■ Action item
Print exactly the lines below between the line holding "Эко-кожаные женские платформы, размеры 39-40" and the line holding "TOM TAILOR PLUS", inclusive, and nothing more.

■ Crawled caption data
- Opening Delimiter -
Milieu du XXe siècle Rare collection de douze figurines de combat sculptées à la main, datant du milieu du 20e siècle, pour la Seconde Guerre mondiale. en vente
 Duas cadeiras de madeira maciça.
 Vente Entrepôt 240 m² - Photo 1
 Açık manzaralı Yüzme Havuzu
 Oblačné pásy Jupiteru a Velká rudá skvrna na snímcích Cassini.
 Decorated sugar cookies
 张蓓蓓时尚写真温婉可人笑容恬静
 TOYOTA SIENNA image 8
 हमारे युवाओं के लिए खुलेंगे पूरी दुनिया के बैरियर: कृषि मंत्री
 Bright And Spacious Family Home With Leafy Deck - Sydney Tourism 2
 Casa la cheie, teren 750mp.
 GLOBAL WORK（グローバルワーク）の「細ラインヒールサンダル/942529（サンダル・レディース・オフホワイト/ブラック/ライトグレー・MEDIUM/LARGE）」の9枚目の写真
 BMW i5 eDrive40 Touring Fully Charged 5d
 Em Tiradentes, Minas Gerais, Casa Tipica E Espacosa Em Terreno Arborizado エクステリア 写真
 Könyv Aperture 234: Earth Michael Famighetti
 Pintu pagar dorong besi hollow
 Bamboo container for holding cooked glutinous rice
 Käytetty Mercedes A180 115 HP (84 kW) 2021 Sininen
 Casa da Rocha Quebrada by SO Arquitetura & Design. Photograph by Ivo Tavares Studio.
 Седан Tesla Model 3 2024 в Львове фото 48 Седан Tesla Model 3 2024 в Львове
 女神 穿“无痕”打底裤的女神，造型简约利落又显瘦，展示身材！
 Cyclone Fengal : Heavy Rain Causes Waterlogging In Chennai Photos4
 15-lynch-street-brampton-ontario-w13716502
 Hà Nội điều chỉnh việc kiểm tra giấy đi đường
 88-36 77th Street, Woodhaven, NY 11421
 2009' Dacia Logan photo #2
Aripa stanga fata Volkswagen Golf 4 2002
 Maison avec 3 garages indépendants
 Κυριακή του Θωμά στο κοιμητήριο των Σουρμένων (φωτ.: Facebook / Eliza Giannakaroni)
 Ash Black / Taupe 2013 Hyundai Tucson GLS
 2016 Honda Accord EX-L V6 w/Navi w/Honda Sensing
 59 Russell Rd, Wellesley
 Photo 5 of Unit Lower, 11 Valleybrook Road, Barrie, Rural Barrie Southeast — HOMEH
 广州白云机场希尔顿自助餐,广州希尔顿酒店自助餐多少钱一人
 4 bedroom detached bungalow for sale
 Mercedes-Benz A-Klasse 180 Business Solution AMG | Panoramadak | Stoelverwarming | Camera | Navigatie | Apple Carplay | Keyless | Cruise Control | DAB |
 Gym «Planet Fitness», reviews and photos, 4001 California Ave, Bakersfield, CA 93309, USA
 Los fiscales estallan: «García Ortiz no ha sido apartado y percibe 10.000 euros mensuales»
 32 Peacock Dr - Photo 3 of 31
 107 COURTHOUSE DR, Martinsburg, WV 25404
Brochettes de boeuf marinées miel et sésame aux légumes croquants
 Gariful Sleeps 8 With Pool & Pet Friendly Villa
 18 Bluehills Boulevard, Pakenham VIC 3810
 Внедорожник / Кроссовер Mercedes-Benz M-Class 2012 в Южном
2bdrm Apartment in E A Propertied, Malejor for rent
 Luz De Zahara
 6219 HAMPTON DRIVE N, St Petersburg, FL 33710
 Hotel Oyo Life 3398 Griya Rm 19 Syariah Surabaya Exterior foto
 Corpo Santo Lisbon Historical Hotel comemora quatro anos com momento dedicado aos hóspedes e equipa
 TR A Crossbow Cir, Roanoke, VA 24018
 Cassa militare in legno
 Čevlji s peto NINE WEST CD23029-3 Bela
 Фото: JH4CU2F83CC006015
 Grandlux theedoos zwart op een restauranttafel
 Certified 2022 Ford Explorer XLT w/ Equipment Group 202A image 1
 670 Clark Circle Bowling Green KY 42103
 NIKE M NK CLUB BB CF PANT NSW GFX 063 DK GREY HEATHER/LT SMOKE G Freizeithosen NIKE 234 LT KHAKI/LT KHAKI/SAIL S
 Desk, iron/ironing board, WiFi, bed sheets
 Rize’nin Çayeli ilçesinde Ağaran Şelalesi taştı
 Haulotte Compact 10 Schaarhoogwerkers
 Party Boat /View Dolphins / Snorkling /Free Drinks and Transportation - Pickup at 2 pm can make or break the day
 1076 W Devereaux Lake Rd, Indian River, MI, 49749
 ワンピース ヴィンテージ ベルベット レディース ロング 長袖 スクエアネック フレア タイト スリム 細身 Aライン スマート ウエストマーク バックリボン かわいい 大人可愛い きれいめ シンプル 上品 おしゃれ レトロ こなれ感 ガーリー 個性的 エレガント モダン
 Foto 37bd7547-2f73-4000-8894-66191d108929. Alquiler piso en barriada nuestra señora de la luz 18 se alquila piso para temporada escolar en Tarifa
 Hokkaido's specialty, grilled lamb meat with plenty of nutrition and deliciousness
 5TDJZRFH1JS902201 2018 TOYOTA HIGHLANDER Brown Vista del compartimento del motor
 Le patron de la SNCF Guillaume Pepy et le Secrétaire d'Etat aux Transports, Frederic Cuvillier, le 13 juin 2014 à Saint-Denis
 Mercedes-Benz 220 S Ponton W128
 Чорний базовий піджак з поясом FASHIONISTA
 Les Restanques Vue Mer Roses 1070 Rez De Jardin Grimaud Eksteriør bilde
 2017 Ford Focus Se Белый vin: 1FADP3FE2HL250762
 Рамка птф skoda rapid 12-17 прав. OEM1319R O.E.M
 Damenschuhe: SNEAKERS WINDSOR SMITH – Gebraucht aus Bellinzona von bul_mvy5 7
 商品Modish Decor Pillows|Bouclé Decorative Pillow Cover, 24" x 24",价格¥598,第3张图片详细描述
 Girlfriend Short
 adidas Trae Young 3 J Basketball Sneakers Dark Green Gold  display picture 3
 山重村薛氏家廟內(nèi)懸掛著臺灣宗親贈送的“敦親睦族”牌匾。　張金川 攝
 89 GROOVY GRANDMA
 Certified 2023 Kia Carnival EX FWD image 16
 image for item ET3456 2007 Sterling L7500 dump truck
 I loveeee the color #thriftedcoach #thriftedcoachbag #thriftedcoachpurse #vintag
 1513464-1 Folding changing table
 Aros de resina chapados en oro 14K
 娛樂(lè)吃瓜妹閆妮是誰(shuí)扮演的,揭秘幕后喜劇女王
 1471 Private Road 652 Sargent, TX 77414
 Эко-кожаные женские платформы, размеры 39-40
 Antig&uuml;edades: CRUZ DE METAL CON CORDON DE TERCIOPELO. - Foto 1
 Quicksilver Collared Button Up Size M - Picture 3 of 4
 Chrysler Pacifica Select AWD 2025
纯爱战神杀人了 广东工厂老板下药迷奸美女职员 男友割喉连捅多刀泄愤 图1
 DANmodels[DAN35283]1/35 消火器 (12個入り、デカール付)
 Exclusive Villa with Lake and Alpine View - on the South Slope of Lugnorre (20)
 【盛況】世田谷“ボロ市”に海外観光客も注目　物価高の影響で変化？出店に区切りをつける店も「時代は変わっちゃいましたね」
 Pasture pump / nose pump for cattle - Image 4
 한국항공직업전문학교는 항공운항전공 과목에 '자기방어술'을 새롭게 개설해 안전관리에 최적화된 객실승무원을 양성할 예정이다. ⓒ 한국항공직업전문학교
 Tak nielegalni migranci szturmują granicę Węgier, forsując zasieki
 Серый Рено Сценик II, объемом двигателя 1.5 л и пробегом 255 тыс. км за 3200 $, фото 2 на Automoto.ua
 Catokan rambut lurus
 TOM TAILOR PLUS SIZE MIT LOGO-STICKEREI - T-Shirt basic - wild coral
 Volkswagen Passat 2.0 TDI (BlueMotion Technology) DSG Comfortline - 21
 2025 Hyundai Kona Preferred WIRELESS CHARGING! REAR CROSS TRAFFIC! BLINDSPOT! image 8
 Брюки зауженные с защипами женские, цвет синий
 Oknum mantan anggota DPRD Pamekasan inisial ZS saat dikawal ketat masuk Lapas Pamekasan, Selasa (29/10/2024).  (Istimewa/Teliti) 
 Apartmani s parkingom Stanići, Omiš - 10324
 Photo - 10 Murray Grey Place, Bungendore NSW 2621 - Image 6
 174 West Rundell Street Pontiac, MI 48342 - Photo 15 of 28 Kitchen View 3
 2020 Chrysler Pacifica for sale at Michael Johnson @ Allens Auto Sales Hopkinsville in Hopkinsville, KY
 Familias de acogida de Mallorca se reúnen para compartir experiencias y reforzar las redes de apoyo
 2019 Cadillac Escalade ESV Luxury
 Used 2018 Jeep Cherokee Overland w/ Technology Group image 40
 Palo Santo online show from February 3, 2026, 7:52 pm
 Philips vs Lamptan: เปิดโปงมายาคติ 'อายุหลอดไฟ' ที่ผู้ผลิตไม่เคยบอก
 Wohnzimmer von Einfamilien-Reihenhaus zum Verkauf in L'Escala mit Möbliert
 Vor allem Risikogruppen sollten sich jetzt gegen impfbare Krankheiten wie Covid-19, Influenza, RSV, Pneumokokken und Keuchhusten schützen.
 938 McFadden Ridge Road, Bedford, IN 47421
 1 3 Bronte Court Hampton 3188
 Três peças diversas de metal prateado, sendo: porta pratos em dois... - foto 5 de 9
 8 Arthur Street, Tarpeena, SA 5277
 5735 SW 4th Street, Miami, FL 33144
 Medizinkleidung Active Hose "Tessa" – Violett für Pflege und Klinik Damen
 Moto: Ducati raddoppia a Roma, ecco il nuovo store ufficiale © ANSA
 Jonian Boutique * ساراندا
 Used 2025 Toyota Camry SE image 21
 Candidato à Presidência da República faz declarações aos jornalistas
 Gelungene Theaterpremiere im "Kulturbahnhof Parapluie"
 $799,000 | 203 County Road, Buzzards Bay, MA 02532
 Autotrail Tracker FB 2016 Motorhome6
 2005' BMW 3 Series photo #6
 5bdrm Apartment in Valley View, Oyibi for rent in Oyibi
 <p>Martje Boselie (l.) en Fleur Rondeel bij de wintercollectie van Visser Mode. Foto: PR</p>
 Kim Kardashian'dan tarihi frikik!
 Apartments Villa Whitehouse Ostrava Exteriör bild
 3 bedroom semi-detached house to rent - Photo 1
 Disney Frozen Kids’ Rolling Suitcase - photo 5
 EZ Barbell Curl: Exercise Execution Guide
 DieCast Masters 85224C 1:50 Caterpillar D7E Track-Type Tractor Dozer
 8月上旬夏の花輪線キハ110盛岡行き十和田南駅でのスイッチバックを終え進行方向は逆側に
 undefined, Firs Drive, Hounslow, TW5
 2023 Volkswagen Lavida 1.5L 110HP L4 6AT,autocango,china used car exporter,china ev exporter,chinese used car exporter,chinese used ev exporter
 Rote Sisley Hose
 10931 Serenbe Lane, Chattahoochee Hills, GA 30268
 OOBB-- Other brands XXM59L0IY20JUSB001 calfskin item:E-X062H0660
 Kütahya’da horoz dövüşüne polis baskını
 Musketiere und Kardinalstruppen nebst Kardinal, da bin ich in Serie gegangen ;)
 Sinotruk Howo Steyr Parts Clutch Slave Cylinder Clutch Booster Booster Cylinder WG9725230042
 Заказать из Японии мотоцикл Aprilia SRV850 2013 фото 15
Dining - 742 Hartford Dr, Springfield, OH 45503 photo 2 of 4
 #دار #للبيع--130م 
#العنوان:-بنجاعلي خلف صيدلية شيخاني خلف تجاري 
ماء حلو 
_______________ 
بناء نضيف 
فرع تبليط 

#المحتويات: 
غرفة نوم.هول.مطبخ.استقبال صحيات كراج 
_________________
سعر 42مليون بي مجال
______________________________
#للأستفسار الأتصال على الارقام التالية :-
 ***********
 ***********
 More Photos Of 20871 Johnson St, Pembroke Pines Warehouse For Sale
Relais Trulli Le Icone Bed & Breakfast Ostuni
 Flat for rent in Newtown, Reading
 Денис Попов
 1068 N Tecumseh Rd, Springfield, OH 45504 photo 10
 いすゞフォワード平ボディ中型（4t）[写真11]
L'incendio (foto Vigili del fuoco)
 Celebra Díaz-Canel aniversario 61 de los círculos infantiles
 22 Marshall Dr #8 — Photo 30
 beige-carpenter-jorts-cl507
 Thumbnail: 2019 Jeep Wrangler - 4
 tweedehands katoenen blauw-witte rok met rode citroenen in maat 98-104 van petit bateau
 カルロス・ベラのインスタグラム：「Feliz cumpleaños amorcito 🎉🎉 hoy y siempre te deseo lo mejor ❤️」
- Closing Delimiter -
■ Response below
 Эко-кожаные женские платформы, размеры 39-40
 Antig&uuml;edades: CRUZ DE METAL CON CORDON DE TERCIOPELO. - Foto 1
 Quicksilver Collared Button Up Size M - Picture 3 of 4
 Chrysler Pacifica Select AWD 2025
纯爱战神杀人了 广东工厂老板下药迷奸美女职员 男友割喉连捅多刀泄愤 图1
 DANmodels[DAN35283]1/35 消火器 (12個入り、デカール付)
 Exclusive Villa with Lake and Alpine View - on the South Slope of Lugnorre (20)
 【盛況】世田谷“ボロ市”に海外観光客も注目　物価高の影響で変化？出店に区切りをつける店も「時代は変わっちゃいましたね」
 Pasture pump / nose pump for cattle - Image 4
 한국항공직업전문학교는 항공운항전공 과목에 '자기방어술'을 새롭게 개설해 안전관리에 최적화된 객실승무원을 양성할 예정이다. ⓒ 한국항공직업전문학교
 Tak nielegalni migranci szturmują granicę Węgier, forsując zasieki
 Серый Рено Сценик II, объемом двигателя 1.5 л и пробегом 255 тыс. км за 3200 $, фото 2 на Automoto.ua
 Catokan rambut lurus
 TOM TAILOR PLUS SIZE MIT LOGO-STICKEREI - T-Shirt basic - wild coral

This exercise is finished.